Le jeu propose une belle variété en terme d’action, il sera possible de mettre en place des stratégies bien différentes et personnalisées en cours de partie. Mais c’est sur cette qualité que se repose le premier vrai défaut du jeu : bien que l’ensemble des mécaniques soit élégant, ces dernières peuvent manquer d’une certaine créativité. Les stratégies du jeu à développer sont en réalité des silos qui interagissent peu entres eux. Cela peut donner un aspect « inventaire » au déploiement de son jeu, qui du coup manque de l’inventivité maline que l’on retrouve dans les grands jeux.
La thématique
Il reste que ce défaut me semble trivial à côté du réel problème de l’oeuvre : une thématique en décorrélation de son gameplay. Comme dans toutes les oeuvres artistiques avec un univers marqué, si on veut parler facilement aux spectateurs il est possible de se reposer sur une base culturelle relativement commune. Par exemple, si je vous dis « film de cowboys avec des zombies », vous savez certainement à quoi ça va ressembler. Et du coup, en matant le film, vous aurez certaines attentes qui vont faciliter votre immersion dans ladite oeuvre. Bien entendu, aux créateurs et créatrices de tromper nos attentes, et de ne gagner du temps que sur certains aspect de leur création pour trouver une originalité dans d’autres ; mais il est certain que dans votre tête vous voyez déjà un soleil tapant sur une petite ville du far west avec un sheriff dézinguant un mort-vivant grognant grâce à son six coups.
Une œuvre peut évidemment reposer sur un univers complètement original, mais dans ce cas là un soin particulier devra être apporté à la cohérence de l’univers dépeint ; le spectateur va ressentir une première difficulté naturelle à s’immerger dans la nouveauté, à l’artiste de donner des détails et de la matière dans un rythme maitrisé pour emporter ce premier le plus loin possible.
Donc maintenant, si je vous dis « viens, on va dans un site de chute de météorite dans une union soviétique uchronique steampunk au sein de nos méchas pour faire fondre des cailloux de l’espace et embaucher des zombies (yep), tout ça pour devenir une célébrité », vous n’allez peut-être pas me dire « oui » tout de suite. Il faudra d’abord que je vous explique. Et c’est un truc que le jeu ne fait pas forcément très bien ; il aurait certainement gagné à garder son univers original en le complétant d’une narration plus classique. Mais c’est peut-être dans sa volonté de se greffer dans l’univers de Scythe que le jeu pèche.
Le solo
Une fois n’est pas coutume, concluons par le solo. Il extrêmement efficace et très simple d’accès. Comme on a l’habitude de le voir dans les jeux de Stegmaier, nous allons affronter un automa incarné par deux méchas et un paquet de cartes. Au tour de l’automa, il faudra résoudre une carte qui comportera les actions de chaque mécha. C’est tout.
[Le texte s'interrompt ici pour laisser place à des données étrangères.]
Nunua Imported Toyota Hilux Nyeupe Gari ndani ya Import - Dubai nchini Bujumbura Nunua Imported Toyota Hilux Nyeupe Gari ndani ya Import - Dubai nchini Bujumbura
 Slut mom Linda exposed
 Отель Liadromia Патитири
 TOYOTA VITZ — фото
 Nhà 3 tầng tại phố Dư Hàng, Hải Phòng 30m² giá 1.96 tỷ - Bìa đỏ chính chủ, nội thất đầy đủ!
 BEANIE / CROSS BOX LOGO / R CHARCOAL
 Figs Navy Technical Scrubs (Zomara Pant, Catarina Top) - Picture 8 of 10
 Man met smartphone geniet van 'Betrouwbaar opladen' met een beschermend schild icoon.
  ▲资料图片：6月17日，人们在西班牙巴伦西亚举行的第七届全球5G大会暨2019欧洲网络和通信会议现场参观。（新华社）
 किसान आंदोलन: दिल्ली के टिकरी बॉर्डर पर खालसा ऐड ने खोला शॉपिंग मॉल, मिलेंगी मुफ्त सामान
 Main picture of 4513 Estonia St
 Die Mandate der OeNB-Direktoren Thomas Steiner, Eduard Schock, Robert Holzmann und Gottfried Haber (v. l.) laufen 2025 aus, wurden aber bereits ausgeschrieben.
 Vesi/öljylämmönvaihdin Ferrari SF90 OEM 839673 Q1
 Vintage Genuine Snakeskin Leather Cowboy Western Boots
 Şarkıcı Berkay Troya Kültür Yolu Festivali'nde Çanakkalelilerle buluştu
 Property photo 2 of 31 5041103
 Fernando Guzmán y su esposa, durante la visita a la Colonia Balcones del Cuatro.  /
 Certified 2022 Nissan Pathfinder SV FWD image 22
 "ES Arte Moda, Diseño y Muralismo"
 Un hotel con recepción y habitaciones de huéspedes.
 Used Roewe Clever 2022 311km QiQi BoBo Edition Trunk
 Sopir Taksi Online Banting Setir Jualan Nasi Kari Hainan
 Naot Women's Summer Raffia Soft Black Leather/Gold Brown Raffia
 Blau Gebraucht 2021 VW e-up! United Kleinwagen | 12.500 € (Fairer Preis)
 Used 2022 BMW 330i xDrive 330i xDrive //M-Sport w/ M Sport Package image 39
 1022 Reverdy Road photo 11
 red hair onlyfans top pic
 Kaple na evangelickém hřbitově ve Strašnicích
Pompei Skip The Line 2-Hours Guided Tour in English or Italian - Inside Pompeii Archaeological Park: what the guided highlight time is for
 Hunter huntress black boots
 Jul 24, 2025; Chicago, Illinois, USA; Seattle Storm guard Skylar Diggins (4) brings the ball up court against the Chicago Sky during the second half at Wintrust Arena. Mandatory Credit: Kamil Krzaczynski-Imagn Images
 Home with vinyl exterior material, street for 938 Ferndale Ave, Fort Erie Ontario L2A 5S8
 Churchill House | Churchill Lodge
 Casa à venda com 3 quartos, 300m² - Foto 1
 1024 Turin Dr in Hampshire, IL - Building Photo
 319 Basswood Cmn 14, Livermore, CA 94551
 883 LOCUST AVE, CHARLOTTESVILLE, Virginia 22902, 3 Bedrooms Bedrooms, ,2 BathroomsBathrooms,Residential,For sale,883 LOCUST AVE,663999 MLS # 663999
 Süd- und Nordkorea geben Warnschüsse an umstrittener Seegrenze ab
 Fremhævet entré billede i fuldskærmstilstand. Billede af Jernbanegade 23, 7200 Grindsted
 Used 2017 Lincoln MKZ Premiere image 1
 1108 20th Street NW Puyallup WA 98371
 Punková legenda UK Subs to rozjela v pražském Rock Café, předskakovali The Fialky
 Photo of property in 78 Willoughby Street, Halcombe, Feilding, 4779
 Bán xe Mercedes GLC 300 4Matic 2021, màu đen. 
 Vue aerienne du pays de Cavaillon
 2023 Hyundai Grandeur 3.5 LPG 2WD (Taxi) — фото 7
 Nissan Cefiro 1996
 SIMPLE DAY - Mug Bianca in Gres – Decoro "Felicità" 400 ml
Très fidèle à l’aspect course du jeu, il est possible de jouer avec plusieurs niveaux de difficulté qui vont en réalité déterminer la vitesse des méchas : plus la difficulté est élevée plus les méchas opéreront à grande vitesse. Ils vont principalement siphonner les ressources limitées sur la carte avant de déclencher la fin de partie plus ou moins rapidement. Ce sera évidemment au joueur de les prendre de vitesse, et de mettre fin à la partie selon ses propres termes.
Ca fonctionne du tonnerre, on retrouve un plaisir très similaire à celui du multijoueur, et c’est tout ce qu’on demande.
En résumé ?
Expéditions c’est un peu une petite pépite météoritique. Fascinante et surprenante, la boite n’est néanmoins pas exempte de petites impuretés qui viennent entacher la jolie trouvaille, comme une thématique plaquée à la truelle. Il reste que manipuler la jolie pierre est un plaisir ; le jeu repose sur un tissu mécanique d’une belle élégance qui demandera d’être maintes fois exploré avant de faire le tour de tous ses détails. Et si à cela on rajoute un solo d’une belle facture, alors rien ne sert d’hésiter : Expéditions est une réussite.